"Aussitôt après nous commence le monde que nous avons nommé, que nous ne cesserons pas de nommer le monde moderne. Le monde qui fait le malin." Charles Péguy

11/02/2013

Dans le train


Installé dans un « carré » de la deuxième classe d’un TGV, je fais face à une jeune femme dont il est impossible de croiser le regard. Lorsque son pied heurtera malencontreusement mon tibia, elle rectifiera sa position sans lever le nez de son best-seller consacré (je me renseignerai plus tard) à la révolution antispéciste menée par des fourmis et des humains plus éclairés que les autres, qui s’affranchissant  des préjugés millénaires qui les séparent finissent par « coopérer pour un monde meilleur ». Faut-il attribuer la réserve de ma camarade humaine à une délicate pudeur ? C’est peu probable. Car la voilà maintenant absorbée par son smartphone qu’elle consulte d’un front soucieux et d’un doigt nerveux. Avec force mimiques, elle donne libre court aux émotions que provoquent chez elle les messages qu’elle reçoit ou « les infos » qu’elle consulte sans craindre nos regards. Un curieux manteau de fourrure à fermeture éclair, sans manche, faut-il appeler cela un débardeur ? lui sert de carapace. Et je me demande si nous autres qui partageons son compartiment, ne représentons pas à ses yeux absents moins encore que la petite bête chaude, dont la peau écorchée la protège aujourd’hui du froid et de la présence superflue de ses semblables.

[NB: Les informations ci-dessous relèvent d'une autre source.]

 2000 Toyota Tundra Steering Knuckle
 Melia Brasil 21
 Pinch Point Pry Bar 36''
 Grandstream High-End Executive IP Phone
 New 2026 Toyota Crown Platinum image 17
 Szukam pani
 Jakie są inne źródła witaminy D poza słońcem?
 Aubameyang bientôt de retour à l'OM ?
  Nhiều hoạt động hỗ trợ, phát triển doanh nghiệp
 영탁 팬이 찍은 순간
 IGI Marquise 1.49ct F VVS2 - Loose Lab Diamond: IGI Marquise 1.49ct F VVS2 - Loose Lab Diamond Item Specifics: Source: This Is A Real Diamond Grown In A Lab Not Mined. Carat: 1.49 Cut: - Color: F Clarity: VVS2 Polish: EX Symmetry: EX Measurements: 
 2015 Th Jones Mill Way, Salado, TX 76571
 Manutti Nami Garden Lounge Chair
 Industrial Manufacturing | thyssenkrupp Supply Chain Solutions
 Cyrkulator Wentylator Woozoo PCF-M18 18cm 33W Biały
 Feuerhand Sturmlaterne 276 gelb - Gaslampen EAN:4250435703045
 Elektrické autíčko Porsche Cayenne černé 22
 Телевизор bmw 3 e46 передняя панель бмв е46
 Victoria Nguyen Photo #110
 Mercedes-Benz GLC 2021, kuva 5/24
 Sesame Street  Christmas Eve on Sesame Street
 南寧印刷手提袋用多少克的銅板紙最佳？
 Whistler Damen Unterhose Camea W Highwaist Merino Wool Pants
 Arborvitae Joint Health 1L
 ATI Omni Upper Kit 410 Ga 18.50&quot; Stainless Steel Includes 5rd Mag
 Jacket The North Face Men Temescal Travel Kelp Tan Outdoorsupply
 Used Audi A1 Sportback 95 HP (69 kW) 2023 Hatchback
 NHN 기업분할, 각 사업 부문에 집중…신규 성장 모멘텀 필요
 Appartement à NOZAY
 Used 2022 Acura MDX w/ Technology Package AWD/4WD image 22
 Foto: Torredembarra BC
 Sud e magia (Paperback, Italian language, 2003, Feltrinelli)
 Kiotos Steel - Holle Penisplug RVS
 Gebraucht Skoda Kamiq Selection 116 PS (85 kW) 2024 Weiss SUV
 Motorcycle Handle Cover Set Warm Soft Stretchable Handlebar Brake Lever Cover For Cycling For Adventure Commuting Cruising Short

Dans le carré d’à côté, il s’agit vraisemblablement d’un groupe de collègues en voyage d’affaires, des cadres moyens, informaticiens ou experts-comptables, qui discutent aimablement lecture : deux d’entre eux ont  entre les mains les best-sellers dont ils parlent. Le premier est le xième volume d'une saga héroïco-fantaisiste à la couverture criarde, pleine de péripéties, d’univers, d’humanoïdes et d’elfes, écrite et lue en anglais. L’autre est un polar, encore en anglais.  Dans leur discussion, il apparaît qu’il y a chez ces jeunes gens sympathiques la volonté de faire d’une pierre deux coups : maintenir leur niveau de fluency et se divertir à coup sûr. Cette attitude dénuée de tout snobisme, où se conjuguent chez des êtres à qui je ressemble tant le souci de ne pas perdre de temps et de se divertir, me déprime aussi sûrement que si l’on m’annonçait que François Taillandier, Pierre Jourde ou Anne Plantagenet n’avaient plus d’éditeur.